*Work task*.
All of the records below are to be given again word for word, with the pictures removed.

*Exercise inputs*.

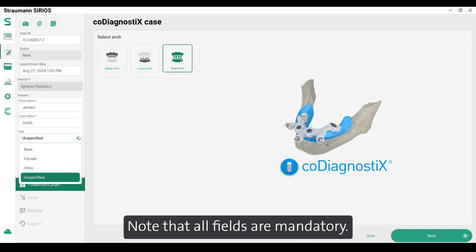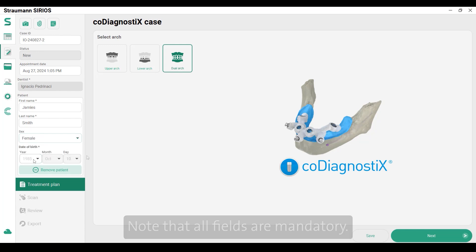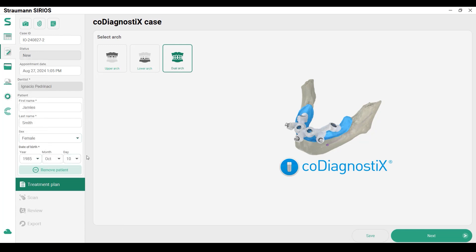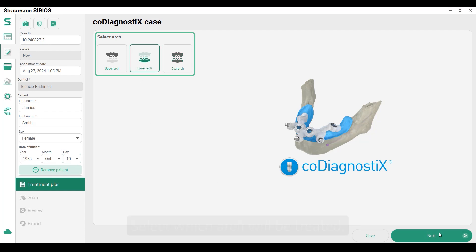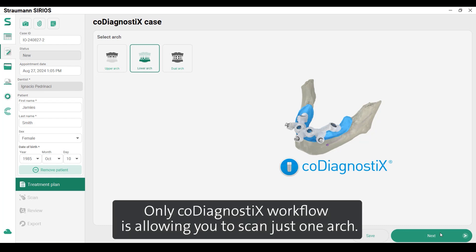Note that all fields are mandatory. Select which arch will be treated. Only the co-diagnostics workflow allows you to scan just one arch.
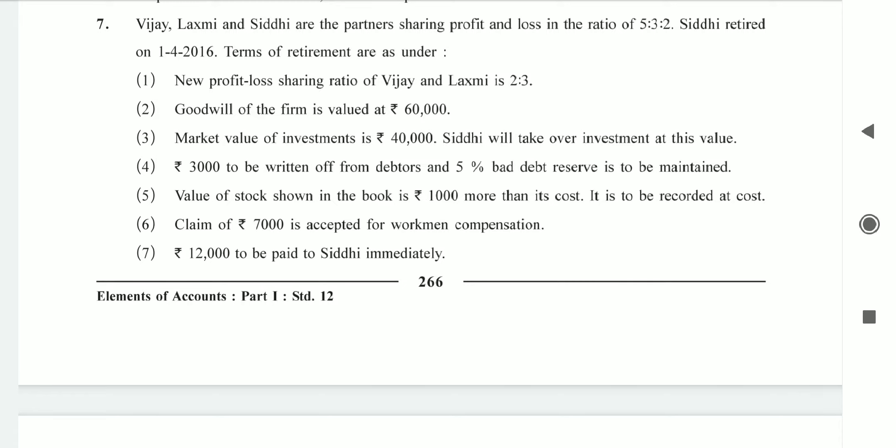Hello everyone, myself Abhijit Das, welcoming you all on today's online session for Accountancy Standard 12, Chapter 6: Retirement of a Partner. Till now we have solved up to question number 6, and I hope you have understood the sums very well and have practiced them by changing the figures. Now coming to question number 7.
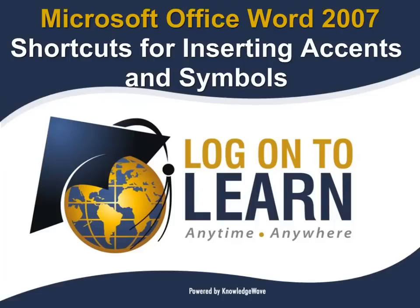Hello and welcome to Microsoft Office Word 2007 Shortcuts for Accents and Symbols, a Microsoft Office tutorial presented by Logon2Learn powered by KnowledgeWave.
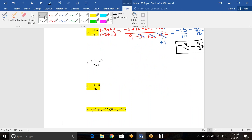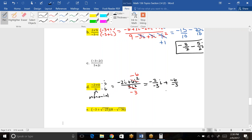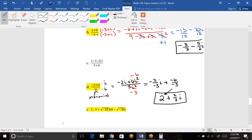Part D is different because the denominator is a monomial, not a binomial, so no conjugate is needed — just multiply by i. That creates i² in the denominator. Distributing i on top gives negative 2i plus 6i². On the bottom we get 3i². The i² values change signs: negative 6 on top, negative 3 on bottom. Splitting into two fractions: negative 6 over negative 3 is 2, and negative 2 over negative 3 is positive 2/3. Rearranging in standard form: 2 plus 2/3·i.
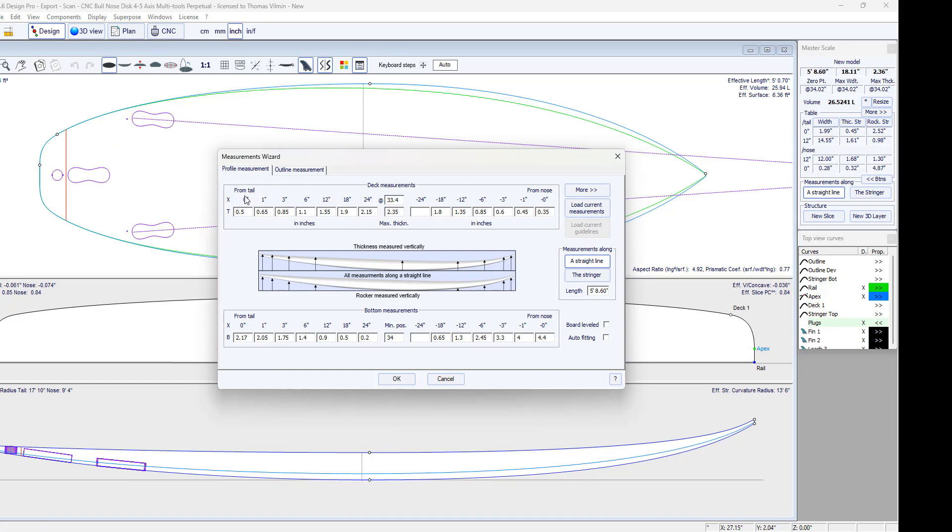Here we have noted all the measures taken. Here, it was along the stringer. The length was indeed 5 feet 8.6 inches.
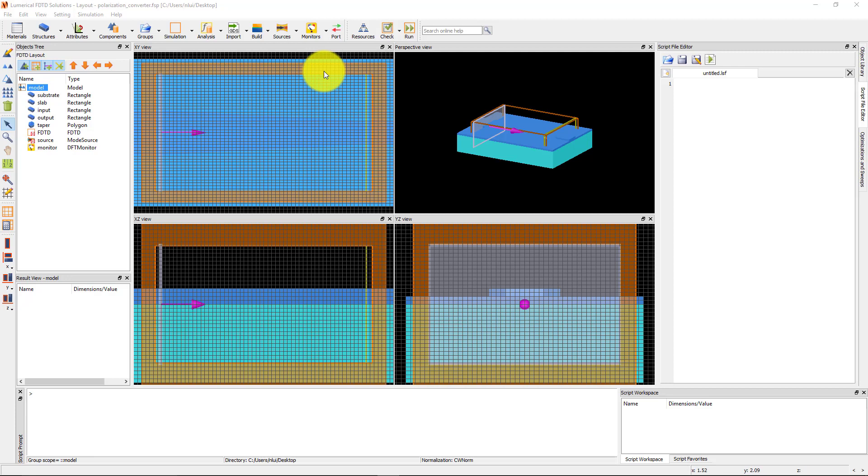This demonstration will show how to set up a mode expansion monitor and interpret the mode expansion results. This is the structure with the wide ridge waveguide as the input waveguide followed by a taper and a narrower output waveguide. The device acts as a polarization converter, converting the mode from first order TE mode at the input waveguide to the fundamental TM mode at the output.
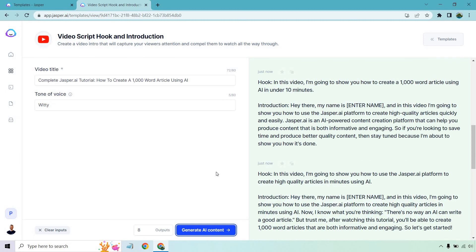Let's look at the next one. The hook reads: 'In this video, I'm going to show you how to create a 1000 word article using AI in under 10 minutes.' And the introduction continues similarly, covering how Jasper is an AI powered content creation platform that can help you produce content that is both informative and engaging. And the last hook reads: 'In this video, I'm going to show you how to use the Jasper platform to create high quality articles in minutes using AI.'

*Exercise answer*.
Note that all fields are mandatory. Select which arch will be treated. Only the co-diagnostics workflow allows you to scan just one arch.
Hello everyone, myself Abhijit Das, welcoming you all on today's online session for Accountancy Standard 12, Chapter 6: Retirement of a Partner. Till now we have solved up to question number 6, and I hope you have understood the sums very well and have practiced them by changing the figures. Now coming to question number 7.
Hello and welcome to Microsoft Office Word 2007 Shortcuts for Accents and Symbols, a Microsoft Office tutorial presented by Logon2Learn powered by KnowledgeWave.
Part D is different because the denominator is a monomial, not a binomial, so no conjugate is needed — just multiply by i. That creates i² in the denominator. Distributing i on top gives negative 2i plus 6i². On the bottom we get 3i². The i² values change signs: negative 6 on top, negative 3 on bottom. Splitting into two fractions: negative 6 over negative 3 is 2, and negative 2 over negative 3 is positive 2/3. Rearranging in standard form: 2 plus 2/3·i.
Here we have noted all the measures taken. Here, it was along the stringer. The length was indeed 5 feet 8.6 inches.
This demonstration will show how to set up a mode expansion monitor and interpret the mode expansion results. This is the structure with the wide ridge waveguide as the input waveguide followed by a taper and a narrower output waveguide. The device acts as a polarization converter, converting the mode from first order TE mode at the input waveguide to the fundamental TM mode at the output.
Let's look at the next one. The hook reads: 'In this video, I'm going to show you how to create a 1000 word article using AI in under 10 minutes.' And the introduction continues similarly, covering how Jasper is an AI powered content creation platform that can help you produce content that is both informative and engaging. And the last hook reads: 'In this video, I'm going to show you how to use the Jasper platform to create high quality articles in minutes using AI.'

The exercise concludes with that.